Thematisch bleibt der Abendfüller, den Redlich seit 2014 spielt, weil er ohnedies nur zwei Programme in seiner bisherigen Karriere entwickelt hat, etwas lau und einen roten Faden entdeckt man nicht.
Musikalisch aber ist Redlich viel mehr, als er in seinen Programmen zeigen kann oder will: Ob an der Gitarre oder am Klavier, immer glänzt der Mann, dem vor allem die Frauenherzen – zu Recht – zufliegen, mit einer gewitzten und dabei ernst zu nehmenden Klasse.
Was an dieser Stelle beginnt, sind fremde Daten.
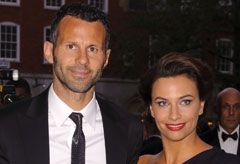 Ryan Giggs and his wife Stacey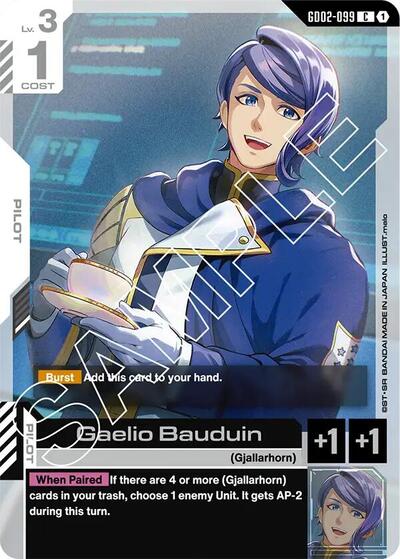 Gaelio Bauduin (Dual Impact) Near Mint - Nick Nack's Full Frontal Attack
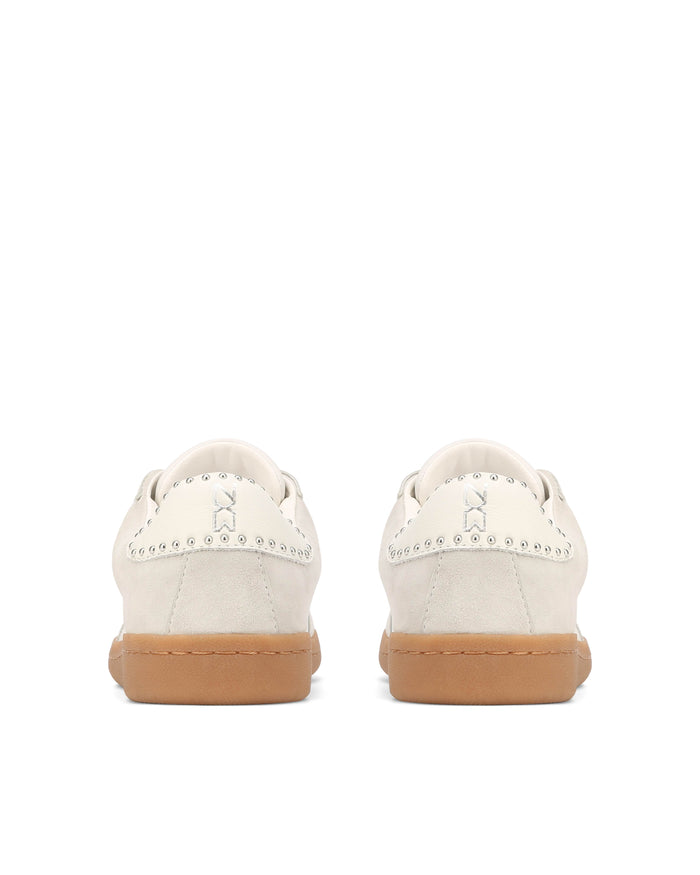 Dasha White Genisys Suede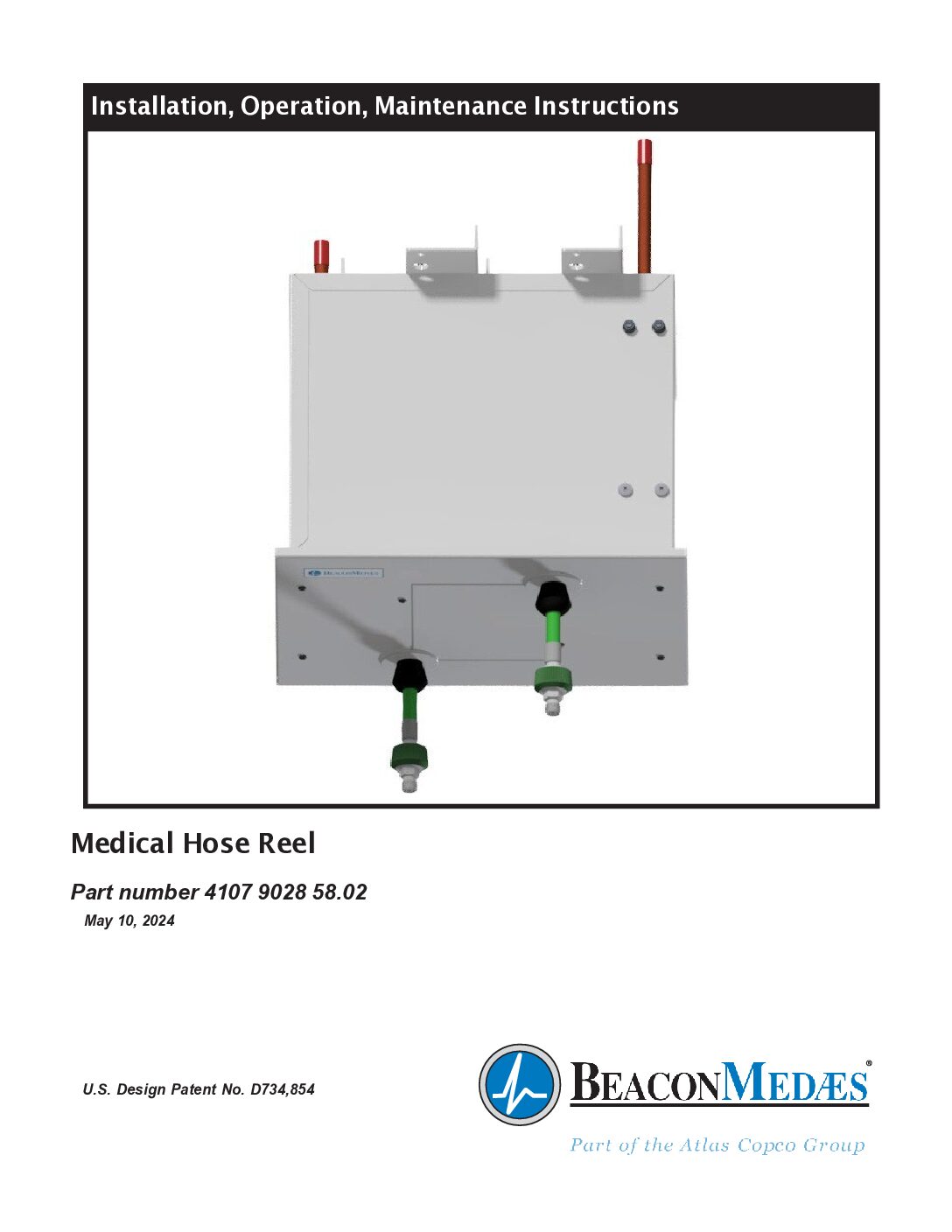 Hose reel O&M manual 4107902858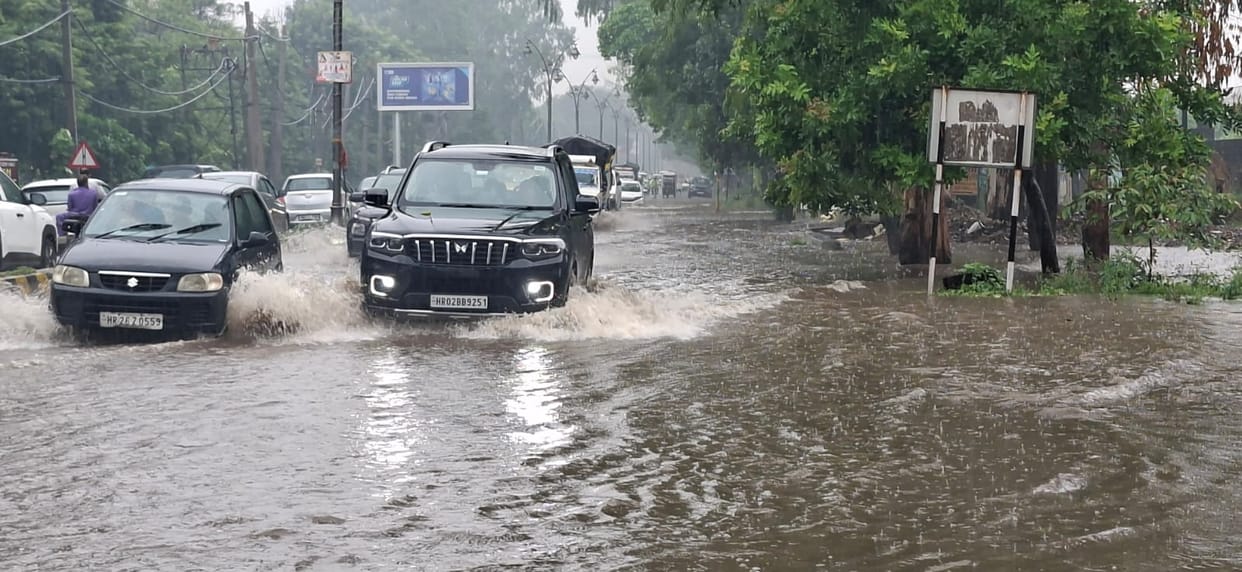 Highways and roads turned into ponds following 101 mm of rainfall in 21 hours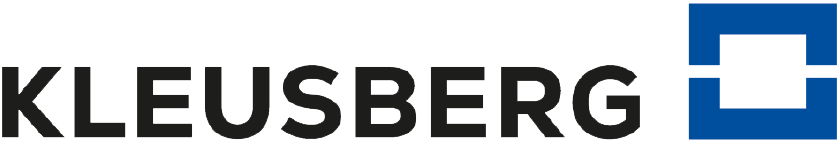 Kleusberg Logo in schwarz-blau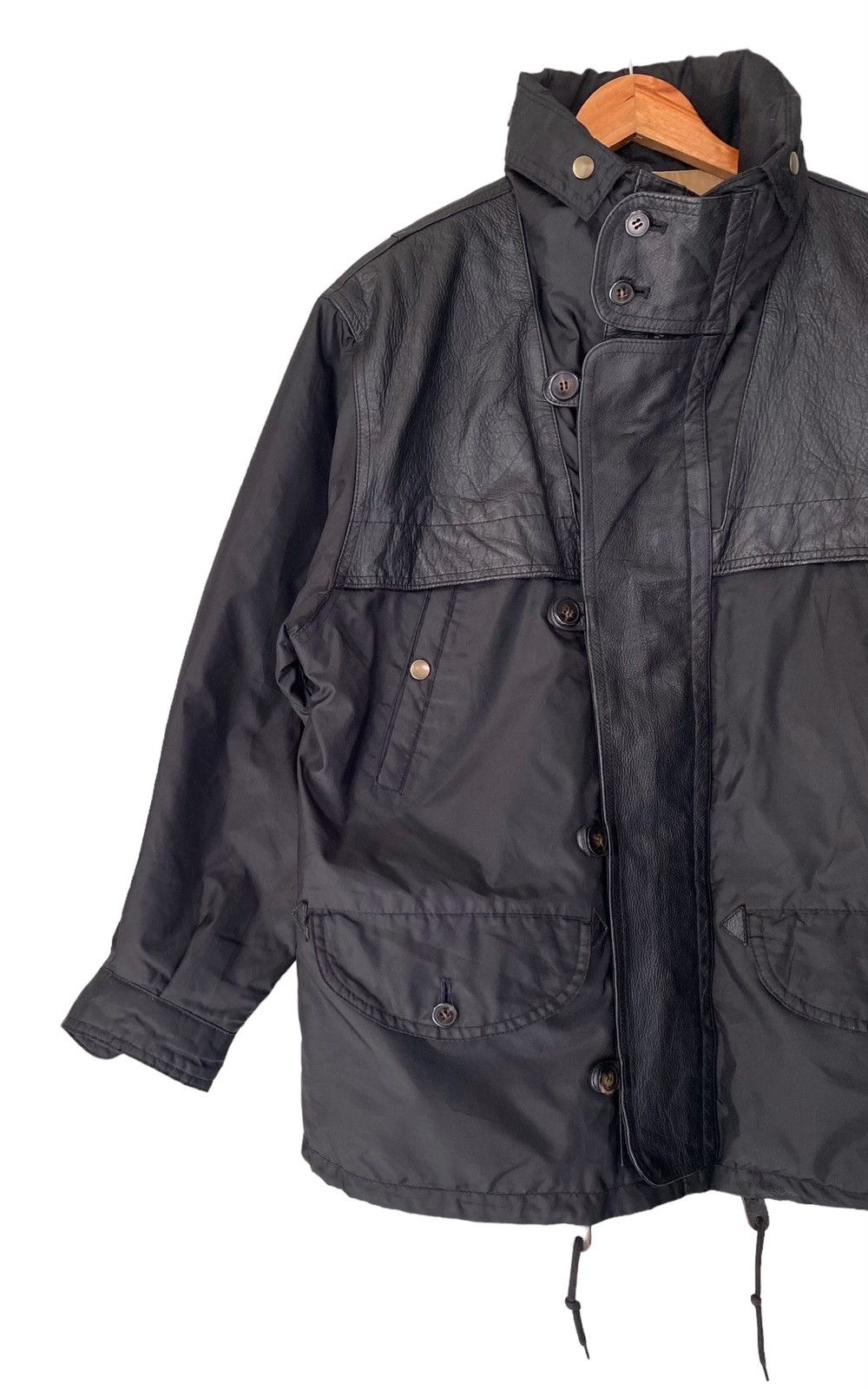 Grassroots California × If Only Was True × Vintage Vintage GRASS ROOST Leather Nylon Jacket Size US M / EU 48-50 / 2 - 4 Thumbnail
Lars Redlich in Hockenheim: Sächsische „Mandy“ gefeiert
Die „Moritat von Schorsch, der einzelnen Socke“ lässt – vielleicht nicht textlich, aber in der künstlerischen Machart – an den genialen Namensvetter Lars Reichow denken, wenn er den Barry-Manilow-Song „Mandy“, den Scott English und Richard Kerr einige Jahre zuvor als „Brandy“ veröffentlicht hatten und der 2003 der britischen Boygroup „Westlife“ im Cover einen Nummer-eins-Hit bescherte, ins sächsische Sonnenstudio verlegt, bleibt sowohl kein Auge trocken, als auch der Musikliebhaber gespannt.
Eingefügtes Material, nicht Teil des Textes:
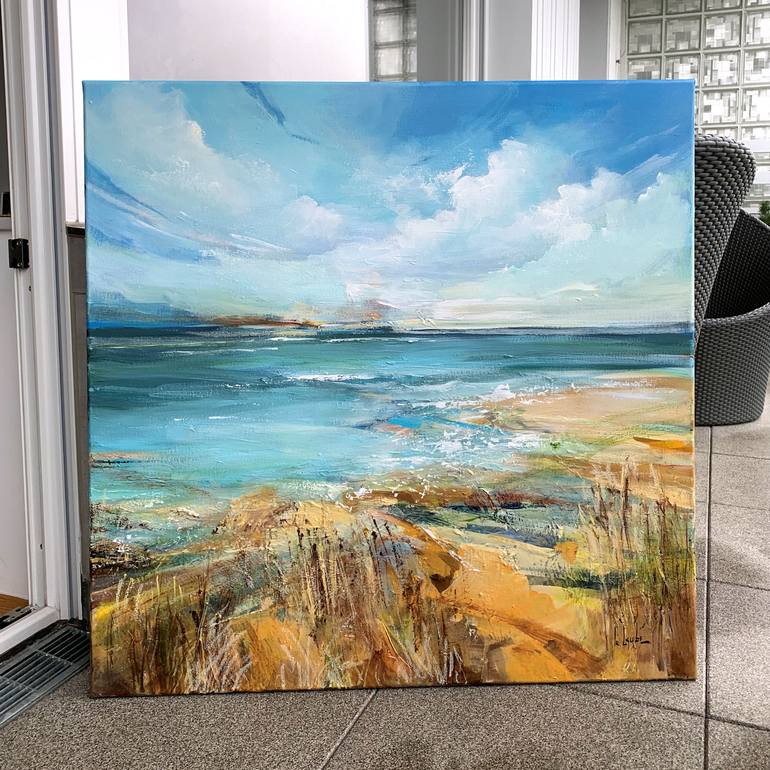 Original Contemporary Seascape Painting by Irina Laube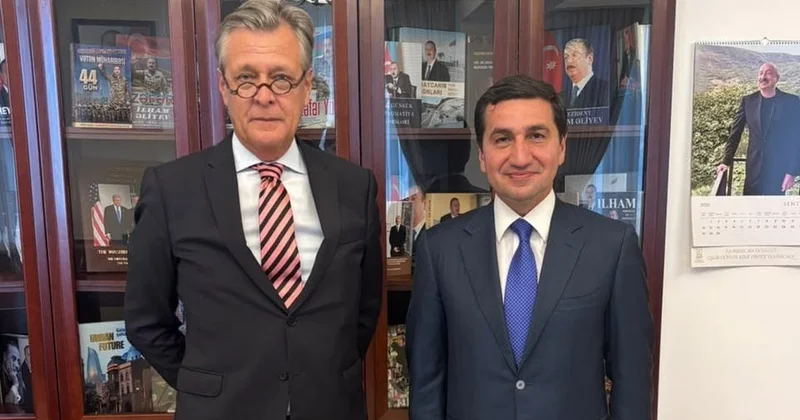 Hikmət Hacıyev Almaniya səfiri ilə görüşdü: Nələr müzakirə edildi? FOTO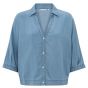 YAYA Lightweight chambray blouse chambrey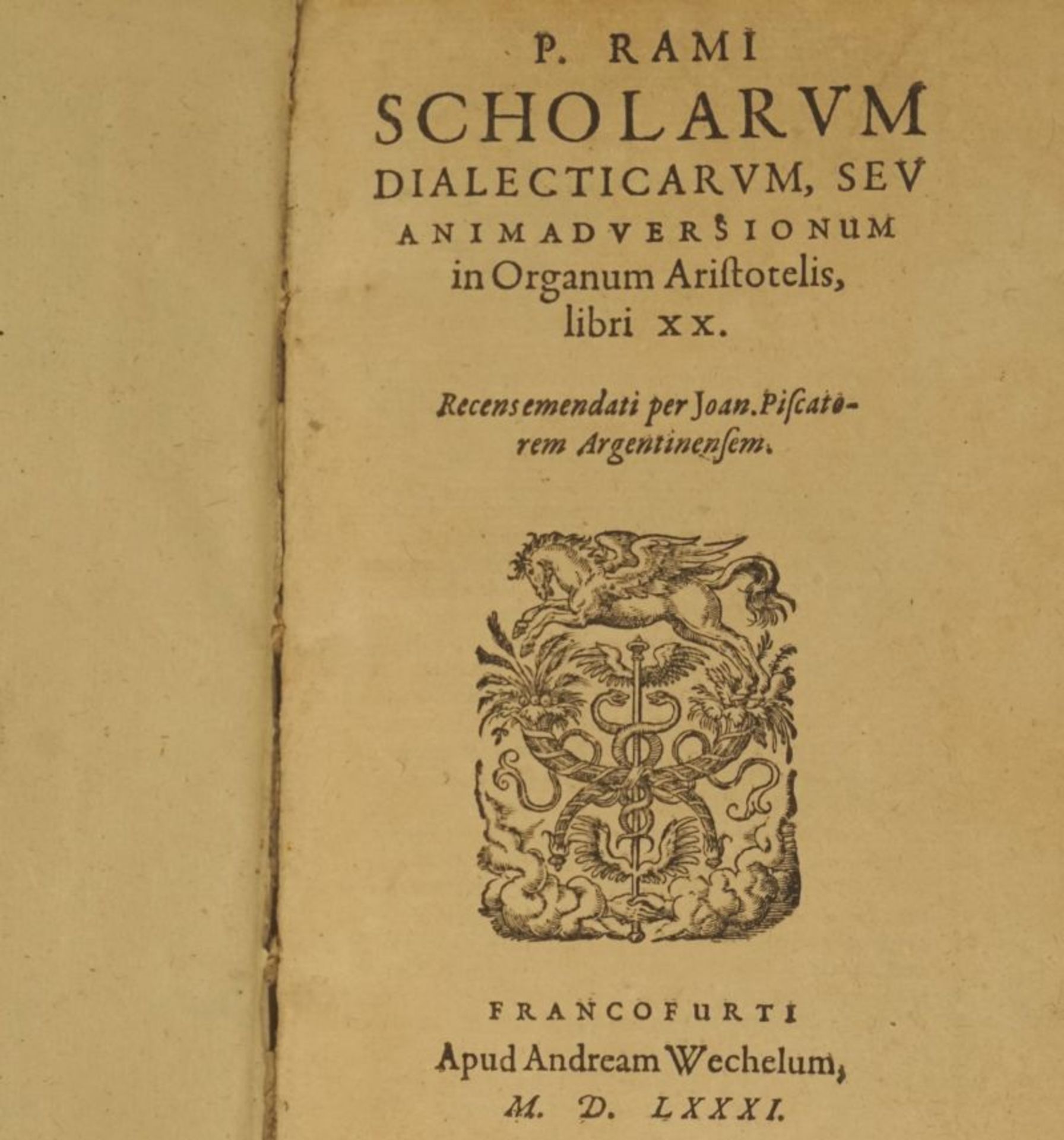 Ramus, Petrus: Scholarum dialecticarum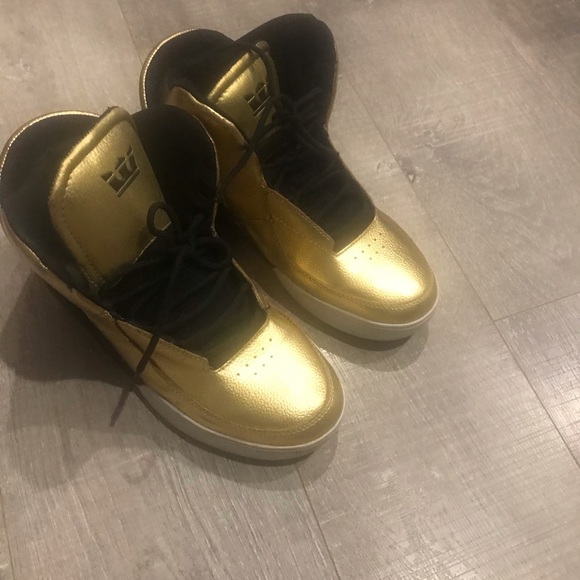 Men’s 9.5 Supra spectra chimera gold and black - Picture 2 of 5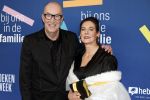 Amsterdam 15 maart 2024
Boekenbal in de stadschouwburg. De familie Chabot heeft het boekenweekgeschenk geschreven . Bart met zijn vrouw en zoons Splinter Chabot Sebastiaan Chabot Maurits Chabot en Storm Chabot.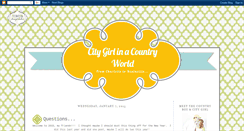 Desktop Screenshot of citytocountry101.blogspot.com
Seine diesbezügliche geniale Größe stellte Lars Redlich mit einem „Song nach der Pause“ unter Beweis, in dem er Publikumsbegriffe zwischen „prämenstruell“ und „Integrationsfachkraft“ in einen bemerkenswerten Text goss und vor allem mit der Zugabe: Auf Zuruf spielte er sich spontan und mit einer unfassbaren musikalischen Anpassungskraft durch Titel irgendwo zwischen „Highway to Hell“, „Thriller“ und „Bohemian Rhapsody“, die er dann tatsächlich in allen sechs Teilen drauf hatte.
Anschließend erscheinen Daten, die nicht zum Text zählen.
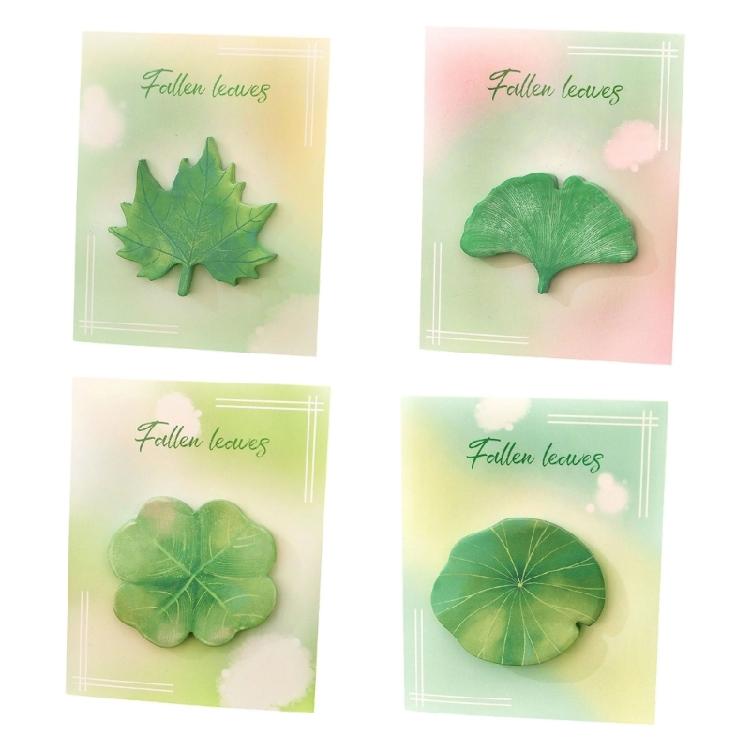 

Reusable Realistic Leaf Stick Note Designs Recycled Paper Notepads For Daily Reminder Note Classroom Organization 1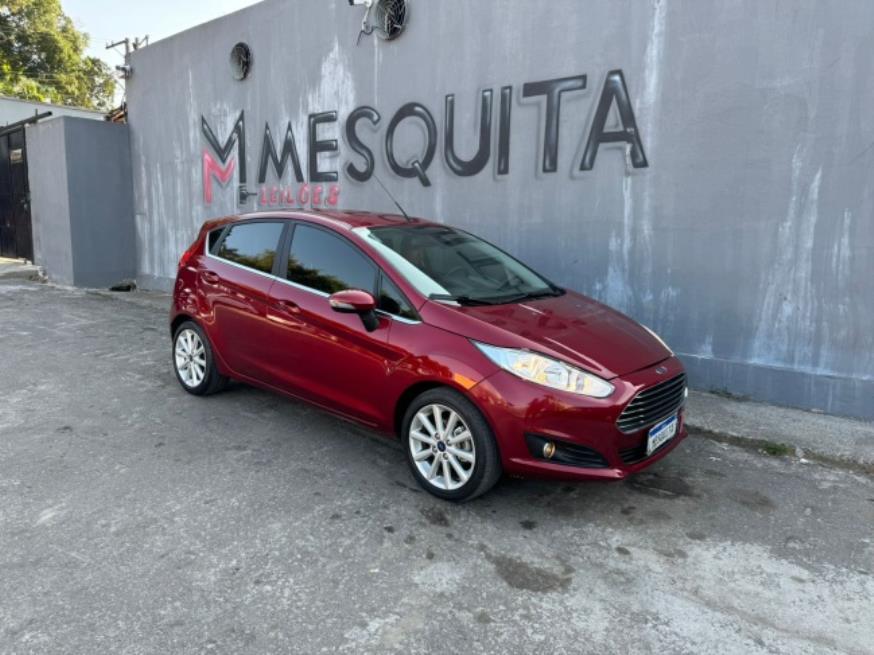 Foto ilustrativa 1 - FORD FIESTA TITANIUM 2018 – VERMELHO – FLEX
Dass er daneben auch stimmlich eine Wucht ist, präsentierte Redlich in jedem seiner Lieder, vor allem aber mit einer „Lieblingsopernarie“, als er „Habanera“ aus Georges Bizets „Carmen“ in perfektem Falsett gab, und in einer zweiten „Diven-Nummer“, die neben „Big Spender“ und Lucilectric eine umwerfend gute Version von Dolly Partons Song „I will always love you“ beinhaltete, der die zum Hit gewordene Interpretation von Whitney Houston glatt in den Schatten stellte.
Was bleibt als Fazit nach zwei Stunden Redlich? Lustig war’s – genial aber wäre es, wenn der talentierte Mann noch viel mehr das machen würde, was er wirklich mit Genius kann.